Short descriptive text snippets
---+---

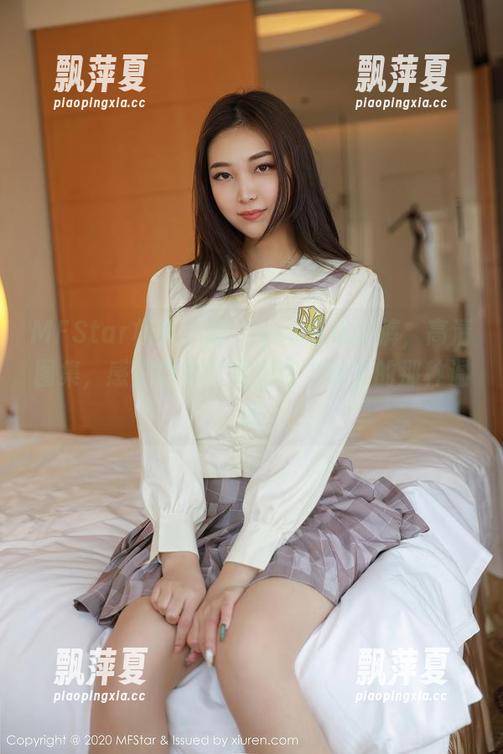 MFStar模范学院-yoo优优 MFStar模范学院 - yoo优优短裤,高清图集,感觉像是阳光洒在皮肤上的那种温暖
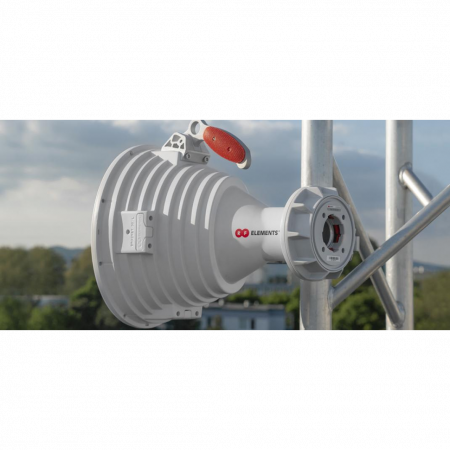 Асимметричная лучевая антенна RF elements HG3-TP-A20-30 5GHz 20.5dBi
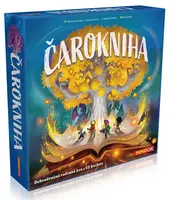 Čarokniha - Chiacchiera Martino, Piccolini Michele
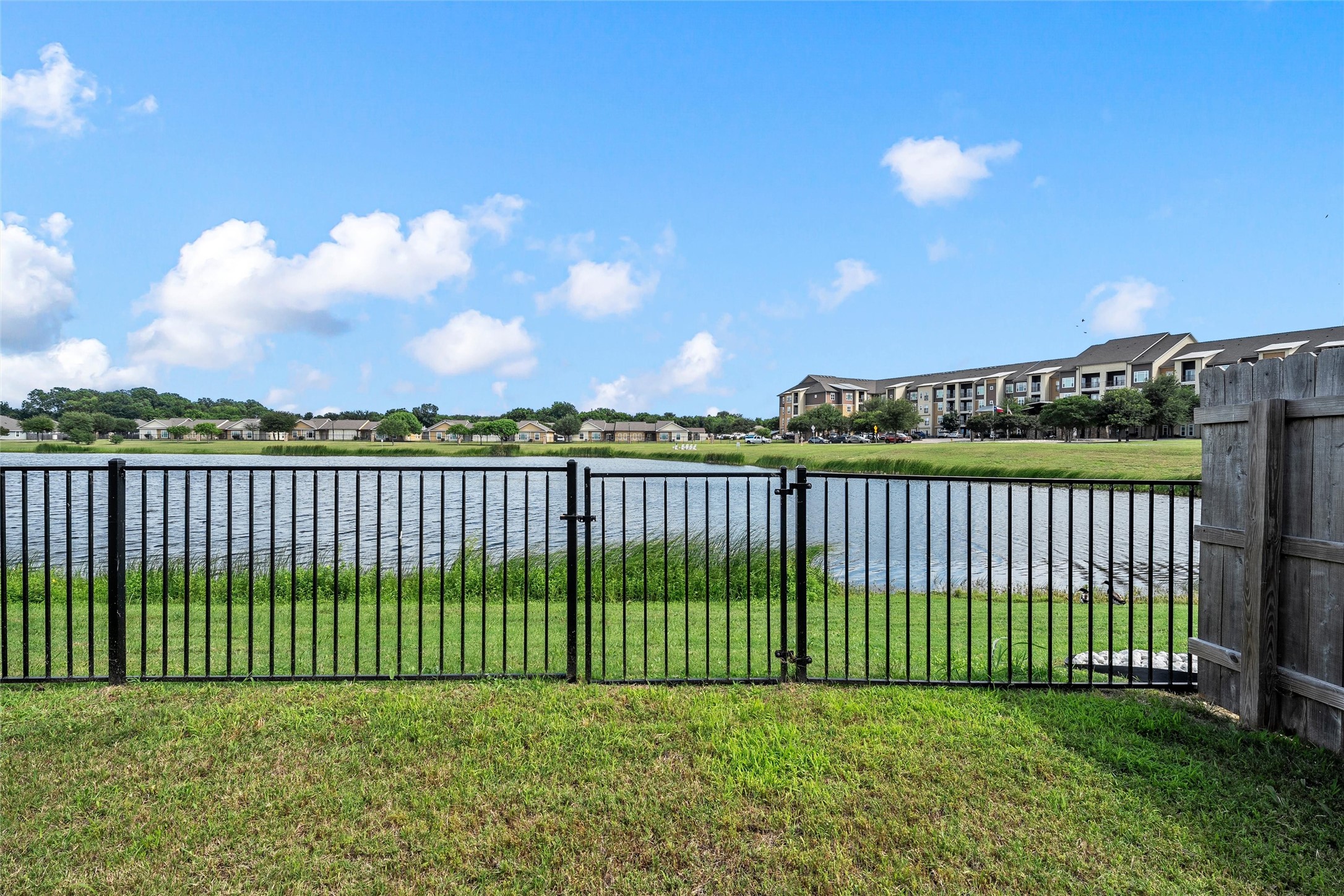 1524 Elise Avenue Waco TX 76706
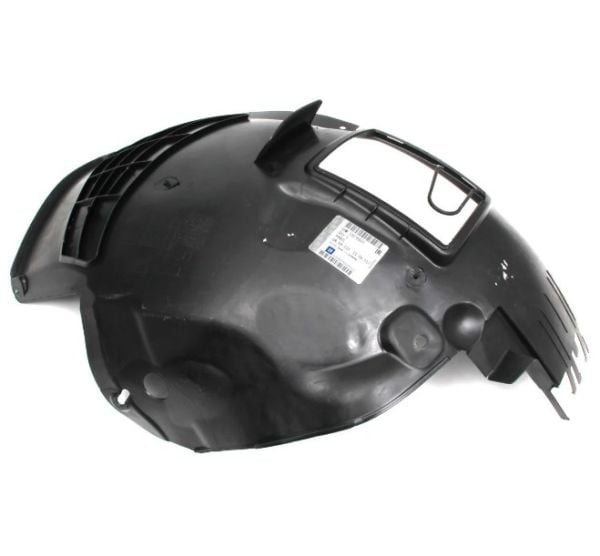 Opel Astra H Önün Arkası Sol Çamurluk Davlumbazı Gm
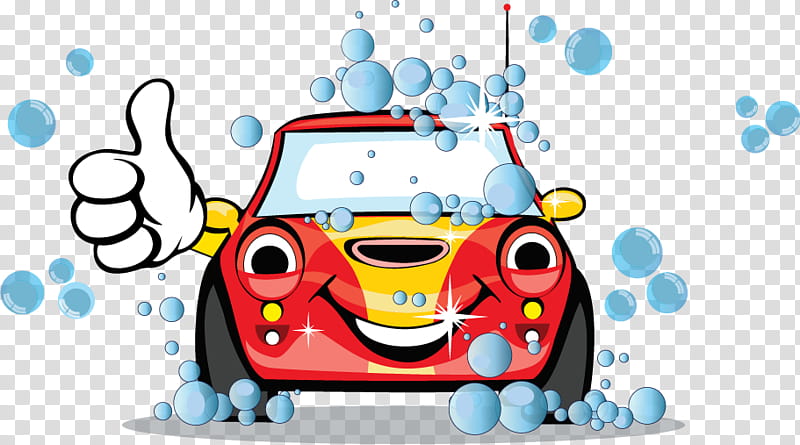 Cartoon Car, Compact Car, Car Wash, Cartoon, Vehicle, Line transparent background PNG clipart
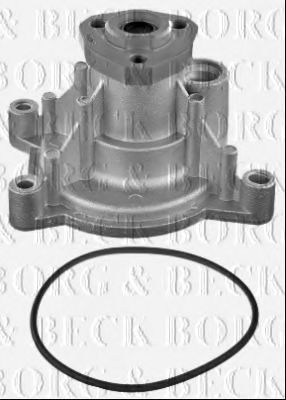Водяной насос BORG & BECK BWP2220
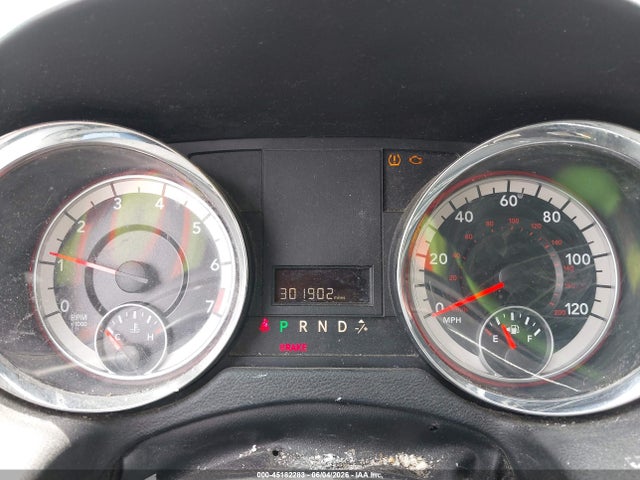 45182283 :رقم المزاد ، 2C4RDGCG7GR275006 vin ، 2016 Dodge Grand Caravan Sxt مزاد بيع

---+---

Description of the task: Repeat the records above exactly, omitting every picture.

Result of this exercise:
 MFStar模范学院-yoo优优 MFStar模范学院 - yoo优优短裤,高清图集,感觉像是阳光洒在皮肤上的那种温暖
 Асимметричная лучевая антенна RF elements HG3-TP-A20-30 5GHz 20.5dBi
 Čarokniha - Chiacchiera Martino, Piccolini Michele
 1524 Elise Avenue Waco TX 76706
 Opel Astra H Önün Arkası Sol Çamurluk Davlumbazı Gm
 Cartoon Car, Compact Car, Car Wash, Cartoon, Vehicle, Line transparent background PNG clipart
Водяной насос BORG & BECK BWP2220
 45182283 :رقم المزاد ، 2C4RDGCG7GR275006 vin ، 2016 Dodge Grand Caravan Sxt مزاد بيع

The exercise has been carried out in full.